The highlight of the trip should have happened on Wednesday, the planned SC3 - EDF tunnel through trip - one of the worlds classic through trips. But to preserve Anglo-Dutch relations we had to bow to political pressure and not attempt the trip. (Less said - the better). However the Red Rose remained keen and undertook to see as much of the cave as possible. We strolled up to the plateau and went to have a look at the Tete Sauvage. Here we met a group of Spanish speleos about to descend. Pete ranted away in Spanish to them and we wished them well on their traverse, before carrying on up to the SC3.

The four of us made a rapid descent of the pot which gets better the further down you get. The last pitch "Liberty Bell" provides a classic 54m free hang. At the bottom I had to go off briefly to be "ill" before we sped off through the cave. The way was well marked and the caving easy, gradually increasing in size until the monumental proportions of La Salle Susse was reached. We pushed on downstream until the Grand Canyon was reached. True to our word we did one of the hardest things I have ever done underground - turn back. (The way on was open and inviting - the traverse was in the bag - we reckon that a time of 8-9 hours would have been probable.) But promises were promises, so off we set back upstream.

15 minutes later we met the Spanish Party that we saw at the Tete Sauvage still descending the cave. They were quite surprised to see us making an exit and Pete arranged for us to detackle the Tete Sauvage for them. This entrance was definitely less pleasant than the SC3, a duck, the tight Meandre de Torture and lots of wobbly scaffold "pidgeon poles" didn't endear the cave to me. But we were soon back in camp for the most disgusting meal I have had in a long time - Spinach and Sardines, specially selected by Miss Ramwell.

Thursday - no rest for the wicked. The hardened RRCPC team set off to achieve something. A descent of the Gouffre Lonne Peyret (-717M). The entrance series was rapidly plummeted on some rather thin 9mm and at -317m the proper caving began. Huge galleries were traversed with lots of boulder hopping and climbing. After about 45 minutes the party split and Pete Hall and I set off on a dash to the bottom. Whilst Johnny and Carmel continued at a more reasonable pace.

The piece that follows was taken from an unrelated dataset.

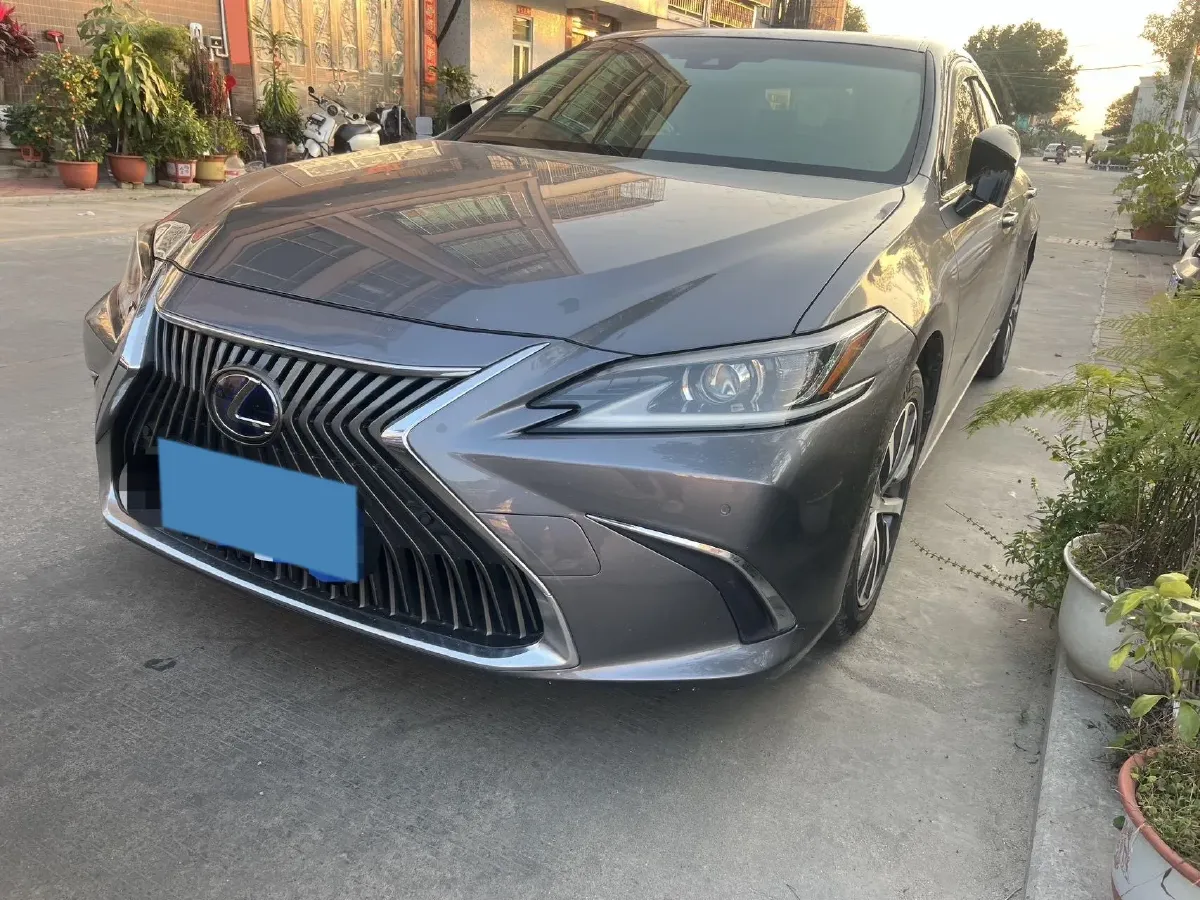 2018 Lexus ES 2.5L 178HP L4 E-CVT Hybrid,autocango,china used car exporter,china ev exporter,chinese used car exporter,chinese used ev exporter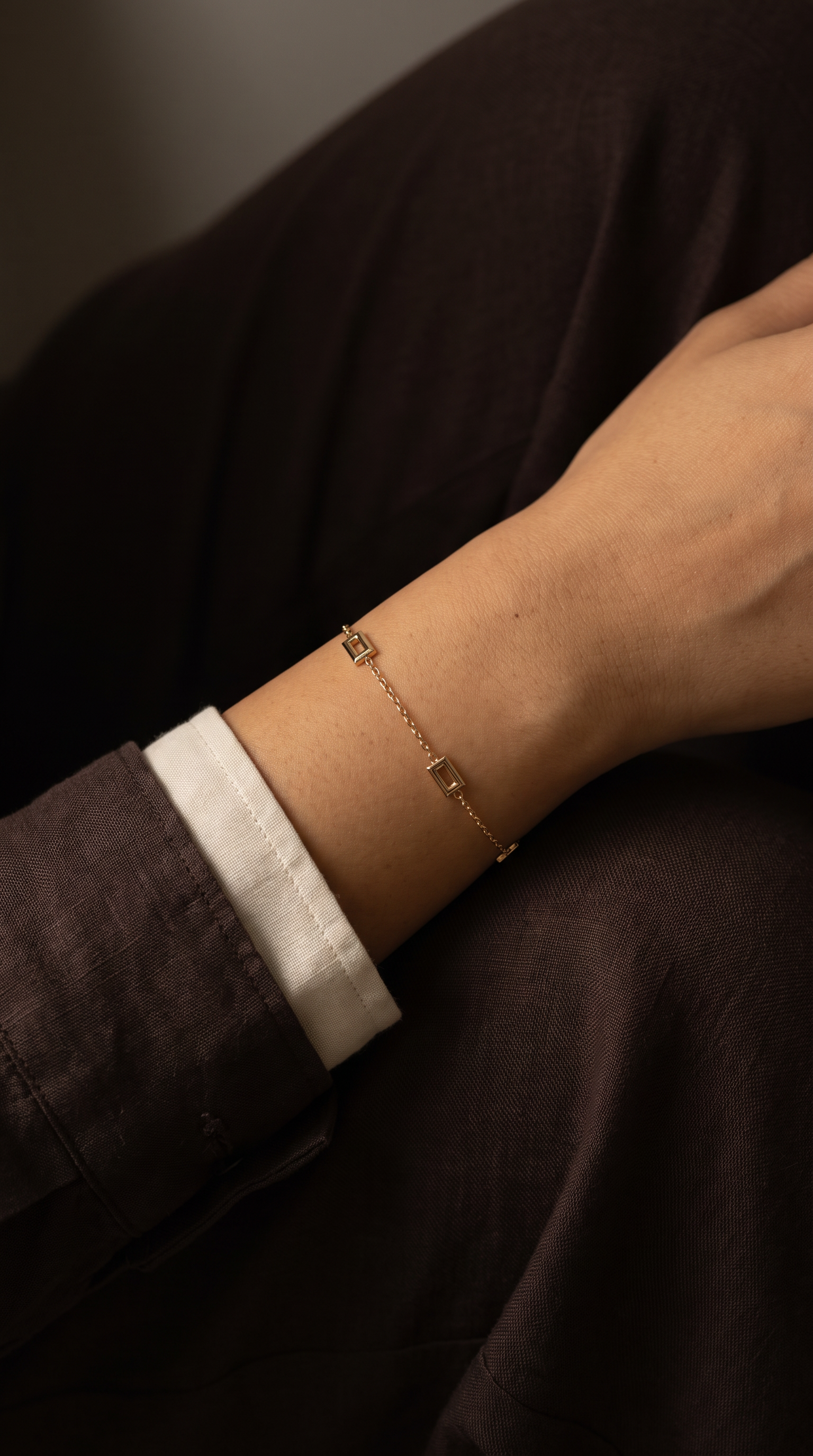 18K Yellow Gold Rectangle Chain Bracelet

A few in situ ropes were handy on some free climbs and before long the Embarcadere (a lake at 500m) was reached. Here we had to strip off furrys and don wetsuits as a large stream was now followed through lots of canals, lakes, cascades and steeply dipping (30 degrees) streamways with a sandstone floor - Superb sporting caving. A pitch that was described as R6 "may need a rope" was a serious 10m pitch that needed rigging from hard-to-find bolts on the right hand wall looking downstream. By 5pm we were very nearly at the bottom, but disaster struck - we lost the way and spent the best part of an hour looking for the way on. Eventually we sorted it out and the Salle Styx (the bottom) was finally reached at 6pm. It was an immense chamber not dissimilar to the Verna and, with the bottom ticked, the long exit began - no easy way out here.

We had arranged for a Dutch team to meet us at the entrance series at 7pm which was obviously not on the cards so we just moved as fast as we could. Pete had to scrounge some unused carbide from my generator as all the food and bide were stashed further up the cave. Putting wet furrys back on was definitely unpleasant and we stumbled back to the entrance series at about 10pm - completely wasted.

Carmel and Johnny had left us the most gorgeous Nestle Milk (Rocket fuel!) and we heard shouts from above - the Dutch had waited - (Stars!). The slow prussik out began. The pot was soon detackled thanks to the Dutch teams help (as there was no way we could have done it ourselves). Eventually a weary team plodded back to the car, camp and tea!

The best bit was yet to come - Pete Hall sitting up in the tent struggling to zip his pit up. "What are you doing Pete?" "It's hard zipping this bag up when your knackered!" What a trip! Do It.